▸ **Problem statement**
Only one stretch of the listing below is wanted. Give it again exactly, from the line with "ABB Meclisi'nde ikinci" through the line with "New BROOKS BROTHERS".

▸ **Provided records**
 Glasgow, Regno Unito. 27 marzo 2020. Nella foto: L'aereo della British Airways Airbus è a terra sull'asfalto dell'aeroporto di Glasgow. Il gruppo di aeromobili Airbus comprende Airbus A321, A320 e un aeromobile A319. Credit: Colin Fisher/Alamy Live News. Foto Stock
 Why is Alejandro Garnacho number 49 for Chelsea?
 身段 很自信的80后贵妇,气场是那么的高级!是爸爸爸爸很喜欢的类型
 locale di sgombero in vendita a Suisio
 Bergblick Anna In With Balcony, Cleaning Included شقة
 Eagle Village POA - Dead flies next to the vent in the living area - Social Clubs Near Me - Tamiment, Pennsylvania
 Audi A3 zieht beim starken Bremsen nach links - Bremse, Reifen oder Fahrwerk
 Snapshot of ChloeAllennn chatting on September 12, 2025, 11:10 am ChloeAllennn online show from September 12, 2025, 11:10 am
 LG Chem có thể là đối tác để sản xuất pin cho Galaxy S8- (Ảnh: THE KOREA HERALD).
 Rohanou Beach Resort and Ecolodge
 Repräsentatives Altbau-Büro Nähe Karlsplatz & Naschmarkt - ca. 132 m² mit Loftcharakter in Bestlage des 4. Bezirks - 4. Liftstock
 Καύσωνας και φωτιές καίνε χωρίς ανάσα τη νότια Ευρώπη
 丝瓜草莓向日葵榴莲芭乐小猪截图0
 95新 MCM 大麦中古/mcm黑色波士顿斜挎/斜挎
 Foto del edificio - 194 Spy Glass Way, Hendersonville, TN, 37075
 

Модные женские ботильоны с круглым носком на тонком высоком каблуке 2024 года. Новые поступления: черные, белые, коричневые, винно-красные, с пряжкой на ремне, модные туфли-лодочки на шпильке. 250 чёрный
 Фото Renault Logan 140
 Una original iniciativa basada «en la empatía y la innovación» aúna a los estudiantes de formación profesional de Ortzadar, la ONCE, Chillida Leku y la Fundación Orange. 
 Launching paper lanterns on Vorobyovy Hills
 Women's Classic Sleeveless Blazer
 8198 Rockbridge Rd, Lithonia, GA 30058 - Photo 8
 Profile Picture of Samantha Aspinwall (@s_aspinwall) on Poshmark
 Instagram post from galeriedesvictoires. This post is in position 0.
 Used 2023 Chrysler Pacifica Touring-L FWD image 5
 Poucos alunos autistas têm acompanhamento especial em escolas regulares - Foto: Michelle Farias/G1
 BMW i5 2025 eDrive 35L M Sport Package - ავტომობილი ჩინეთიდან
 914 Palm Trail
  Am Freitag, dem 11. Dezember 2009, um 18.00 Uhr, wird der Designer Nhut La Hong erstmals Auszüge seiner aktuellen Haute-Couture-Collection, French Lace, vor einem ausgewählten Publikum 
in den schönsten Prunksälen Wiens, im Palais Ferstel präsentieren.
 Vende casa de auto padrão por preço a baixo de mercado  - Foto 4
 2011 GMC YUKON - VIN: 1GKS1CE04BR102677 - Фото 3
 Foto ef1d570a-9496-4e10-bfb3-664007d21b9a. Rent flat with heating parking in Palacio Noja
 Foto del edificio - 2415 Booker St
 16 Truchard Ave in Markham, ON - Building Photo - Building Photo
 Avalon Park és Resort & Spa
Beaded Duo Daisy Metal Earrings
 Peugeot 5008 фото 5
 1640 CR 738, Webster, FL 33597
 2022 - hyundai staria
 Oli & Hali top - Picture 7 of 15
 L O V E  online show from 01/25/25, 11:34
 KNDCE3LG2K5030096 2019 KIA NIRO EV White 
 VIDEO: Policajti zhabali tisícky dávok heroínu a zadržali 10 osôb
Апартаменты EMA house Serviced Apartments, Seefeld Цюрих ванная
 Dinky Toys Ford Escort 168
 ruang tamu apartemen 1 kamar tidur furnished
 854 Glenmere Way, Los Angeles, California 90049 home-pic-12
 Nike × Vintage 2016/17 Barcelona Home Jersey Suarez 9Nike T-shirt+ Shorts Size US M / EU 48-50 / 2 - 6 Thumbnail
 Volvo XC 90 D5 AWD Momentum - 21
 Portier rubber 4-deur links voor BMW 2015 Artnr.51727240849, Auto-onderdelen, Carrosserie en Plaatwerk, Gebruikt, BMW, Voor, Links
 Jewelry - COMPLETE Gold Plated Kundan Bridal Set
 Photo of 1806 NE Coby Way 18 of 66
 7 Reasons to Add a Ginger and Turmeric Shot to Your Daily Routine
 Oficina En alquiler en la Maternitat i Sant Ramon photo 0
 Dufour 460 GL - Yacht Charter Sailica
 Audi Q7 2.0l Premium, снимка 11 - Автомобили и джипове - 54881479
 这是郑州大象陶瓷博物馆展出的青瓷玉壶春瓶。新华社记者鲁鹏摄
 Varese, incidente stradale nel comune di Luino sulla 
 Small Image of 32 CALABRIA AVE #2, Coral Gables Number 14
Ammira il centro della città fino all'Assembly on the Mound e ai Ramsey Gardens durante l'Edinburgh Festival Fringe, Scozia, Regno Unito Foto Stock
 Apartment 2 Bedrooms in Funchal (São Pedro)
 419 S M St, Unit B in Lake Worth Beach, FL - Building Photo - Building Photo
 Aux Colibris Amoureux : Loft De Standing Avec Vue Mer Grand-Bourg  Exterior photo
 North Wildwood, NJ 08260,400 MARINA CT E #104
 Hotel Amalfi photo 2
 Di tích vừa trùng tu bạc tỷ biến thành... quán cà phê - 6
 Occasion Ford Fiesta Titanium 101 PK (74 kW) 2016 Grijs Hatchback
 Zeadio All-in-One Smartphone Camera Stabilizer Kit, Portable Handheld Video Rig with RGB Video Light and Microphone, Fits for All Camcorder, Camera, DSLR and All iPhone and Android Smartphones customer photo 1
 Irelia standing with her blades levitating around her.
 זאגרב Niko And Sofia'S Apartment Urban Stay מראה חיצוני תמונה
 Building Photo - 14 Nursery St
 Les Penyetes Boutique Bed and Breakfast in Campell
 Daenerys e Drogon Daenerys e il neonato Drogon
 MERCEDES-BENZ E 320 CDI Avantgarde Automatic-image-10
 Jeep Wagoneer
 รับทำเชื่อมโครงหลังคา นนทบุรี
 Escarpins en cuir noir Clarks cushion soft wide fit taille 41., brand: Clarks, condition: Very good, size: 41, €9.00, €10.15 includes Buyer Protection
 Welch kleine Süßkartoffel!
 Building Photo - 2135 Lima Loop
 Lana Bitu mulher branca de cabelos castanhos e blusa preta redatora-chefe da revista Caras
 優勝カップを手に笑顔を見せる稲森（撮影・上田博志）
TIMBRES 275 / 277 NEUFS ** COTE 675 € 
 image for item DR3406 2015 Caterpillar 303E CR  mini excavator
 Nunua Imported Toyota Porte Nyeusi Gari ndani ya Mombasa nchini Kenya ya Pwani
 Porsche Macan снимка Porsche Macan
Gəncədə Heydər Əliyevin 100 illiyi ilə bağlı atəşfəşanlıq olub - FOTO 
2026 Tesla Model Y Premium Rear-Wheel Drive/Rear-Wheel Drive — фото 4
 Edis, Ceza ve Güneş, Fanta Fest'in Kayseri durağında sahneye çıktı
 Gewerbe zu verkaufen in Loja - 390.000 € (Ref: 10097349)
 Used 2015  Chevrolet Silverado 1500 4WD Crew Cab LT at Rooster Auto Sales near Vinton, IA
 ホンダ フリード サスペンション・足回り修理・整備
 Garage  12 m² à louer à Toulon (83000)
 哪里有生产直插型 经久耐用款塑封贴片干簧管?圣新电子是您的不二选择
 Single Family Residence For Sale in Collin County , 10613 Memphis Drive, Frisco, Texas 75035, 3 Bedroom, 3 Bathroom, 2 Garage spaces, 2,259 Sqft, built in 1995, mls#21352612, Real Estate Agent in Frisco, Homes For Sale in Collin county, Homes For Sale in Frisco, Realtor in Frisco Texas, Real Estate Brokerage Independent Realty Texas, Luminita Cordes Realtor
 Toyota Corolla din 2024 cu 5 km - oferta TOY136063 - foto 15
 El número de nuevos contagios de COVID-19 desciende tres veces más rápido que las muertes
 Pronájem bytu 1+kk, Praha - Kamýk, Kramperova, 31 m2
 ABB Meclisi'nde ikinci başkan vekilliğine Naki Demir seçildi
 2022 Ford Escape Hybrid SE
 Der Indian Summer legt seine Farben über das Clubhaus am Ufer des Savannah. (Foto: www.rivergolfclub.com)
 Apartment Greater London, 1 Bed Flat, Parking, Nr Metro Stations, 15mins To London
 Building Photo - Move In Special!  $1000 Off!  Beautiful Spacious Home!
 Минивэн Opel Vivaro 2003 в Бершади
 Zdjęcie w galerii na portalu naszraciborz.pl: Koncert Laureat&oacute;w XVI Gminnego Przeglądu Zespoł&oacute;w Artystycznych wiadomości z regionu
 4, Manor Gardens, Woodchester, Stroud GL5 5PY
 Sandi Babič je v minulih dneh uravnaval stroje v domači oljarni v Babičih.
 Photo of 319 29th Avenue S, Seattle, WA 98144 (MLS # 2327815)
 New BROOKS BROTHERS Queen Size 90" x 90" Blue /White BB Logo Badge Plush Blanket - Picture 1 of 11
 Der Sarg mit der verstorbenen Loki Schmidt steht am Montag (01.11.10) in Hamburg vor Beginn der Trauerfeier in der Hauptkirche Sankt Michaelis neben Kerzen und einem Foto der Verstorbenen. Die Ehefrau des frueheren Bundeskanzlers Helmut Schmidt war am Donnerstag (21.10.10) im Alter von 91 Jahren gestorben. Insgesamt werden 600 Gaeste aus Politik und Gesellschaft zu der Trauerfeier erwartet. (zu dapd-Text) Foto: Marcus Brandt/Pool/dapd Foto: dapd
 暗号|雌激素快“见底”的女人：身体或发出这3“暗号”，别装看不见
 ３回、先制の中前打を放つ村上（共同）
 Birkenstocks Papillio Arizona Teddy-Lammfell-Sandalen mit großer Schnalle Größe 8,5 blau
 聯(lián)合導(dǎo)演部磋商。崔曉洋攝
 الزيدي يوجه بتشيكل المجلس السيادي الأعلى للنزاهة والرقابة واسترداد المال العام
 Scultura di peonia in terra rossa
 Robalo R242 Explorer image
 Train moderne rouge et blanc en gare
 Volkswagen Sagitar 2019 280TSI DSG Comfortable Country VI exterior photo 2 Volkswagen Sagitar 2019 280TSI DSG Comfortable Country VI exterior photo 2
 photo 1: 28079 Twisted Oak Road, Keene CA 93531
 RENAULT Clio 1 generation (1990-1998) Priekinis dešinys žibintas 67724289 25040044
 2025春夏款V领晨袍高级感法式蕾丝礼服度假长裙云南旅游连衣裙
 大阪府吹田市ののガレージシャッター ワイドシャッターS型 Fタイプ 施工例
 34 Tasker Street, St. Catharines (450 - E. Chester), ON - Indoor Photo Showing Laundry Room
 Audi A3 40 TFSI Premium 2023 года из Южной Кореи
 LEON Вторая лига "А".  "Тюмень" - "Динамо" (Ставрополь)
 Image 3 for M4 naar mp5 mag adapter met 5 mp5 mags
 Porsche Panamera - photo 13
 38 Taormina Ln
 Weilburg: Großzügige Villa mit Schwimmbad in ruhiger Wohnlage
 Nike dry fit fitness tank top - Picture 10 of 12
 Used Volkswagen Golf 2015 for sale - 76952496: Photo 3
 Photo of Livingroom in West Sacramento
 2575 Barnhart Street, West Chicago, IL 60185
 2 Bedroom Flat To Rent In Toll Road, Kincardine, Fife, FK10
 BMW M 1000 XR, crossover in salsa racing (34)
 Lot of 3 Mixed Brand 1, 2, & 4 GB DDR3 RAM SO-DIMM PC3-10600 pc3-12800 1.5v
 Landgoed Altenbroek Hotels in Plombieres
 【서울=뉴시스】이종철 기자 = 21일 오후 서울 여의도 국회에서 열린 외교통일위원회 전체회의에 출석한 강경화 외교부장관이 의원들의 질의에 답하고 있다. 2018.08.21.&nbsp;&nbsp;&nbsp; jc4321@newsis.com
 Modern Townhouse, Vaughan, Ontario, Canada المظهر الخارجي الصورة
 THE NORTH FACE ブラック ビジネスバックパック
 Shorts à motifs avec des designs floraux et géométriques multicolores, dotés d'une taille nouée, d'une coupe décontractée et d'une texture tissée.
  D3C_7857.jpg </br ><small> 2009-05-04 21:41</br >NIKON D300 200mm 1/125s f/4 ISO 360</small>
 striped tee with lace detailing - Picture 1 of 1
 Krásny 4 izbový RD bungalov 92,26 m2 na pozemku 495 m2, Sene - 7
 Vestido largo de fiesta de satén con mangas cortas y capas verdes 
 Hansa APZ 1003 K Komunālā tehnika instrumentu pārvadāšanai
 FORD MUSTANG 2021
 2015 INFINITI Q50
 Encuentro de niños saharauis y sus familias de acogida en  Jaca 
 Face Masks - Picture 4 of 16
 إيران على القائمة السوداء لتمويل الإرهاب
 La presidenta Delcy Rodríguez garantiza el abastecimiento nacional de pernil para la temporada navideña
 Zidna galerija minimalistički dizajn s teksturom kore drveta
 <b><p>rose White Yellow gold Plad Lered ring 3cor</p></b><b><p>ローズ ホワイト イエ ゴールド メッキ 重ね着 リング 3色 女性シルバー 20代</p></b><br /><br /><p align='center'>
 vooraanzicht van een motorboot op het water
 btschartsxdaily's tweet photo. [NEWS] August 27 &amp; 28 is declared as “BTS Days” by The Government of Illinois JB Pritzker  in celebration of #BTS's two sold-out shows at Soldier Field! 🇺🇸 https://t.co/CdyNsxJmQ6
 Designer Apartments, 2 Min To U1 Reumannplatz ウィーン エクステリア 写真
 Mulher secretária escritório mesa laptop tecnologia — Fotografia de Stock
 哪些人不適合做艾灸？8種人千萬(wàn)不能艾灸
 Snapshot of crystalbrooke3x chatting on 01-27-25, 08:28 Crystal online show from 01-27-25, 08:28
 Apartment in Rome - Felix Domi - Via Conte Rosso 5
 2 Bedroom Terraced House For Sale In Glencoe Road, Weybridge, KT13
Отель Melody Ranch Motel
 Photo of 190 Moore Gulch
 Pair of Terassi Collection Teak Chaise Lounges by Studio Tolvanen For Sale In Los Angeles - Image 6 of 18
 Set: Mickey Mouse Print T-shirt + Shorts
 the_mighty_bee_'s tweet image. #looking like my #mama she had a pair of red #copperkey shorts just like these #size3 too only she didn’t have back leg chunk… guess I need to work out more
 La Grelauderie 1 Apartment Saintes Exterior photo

▸ **Output below**
 ABB Meclisi'nde ikinci başkan vekilliğine Naki Demir seçildi
 2022 Ford Escape Hybrid SE
 Der Indian Summer legt seine Farben über das Clubhaus am Ufer des Savannah. (Foto: www.rivergolfclub.com)
 Apartment Greater London, 1 Bed Flat, Parking, Nr Metro Stations, 15mins To London
 Building Photo - Move In Special!  $1000 Off!  Beautiful Spacious Home!
 Минивэн Opel Vivaro 2003 в Бершади
 Zdjęcie w galerii na portalu naszraciborz.pl: Koncert Laureat&oacute;w XVI Gminnego Przeglądu Zespoł&oacute;w Artystycznych wiadomości z regionu
 4, Manor Gardens, Woodchester, Stroud GL5 5PY
 Sandi Babič je v minulih dneh uravnaval stroje v domači oljarni v Babičih.
 Photo of 319 29th Avenue S, Seattle, WA 98144 (MLS # 2327815)
 New BROOKS BROTHERS Queen Size 90" x 90" Blue /White BB Logo Badge Plush Blanket - Picture 1 of 11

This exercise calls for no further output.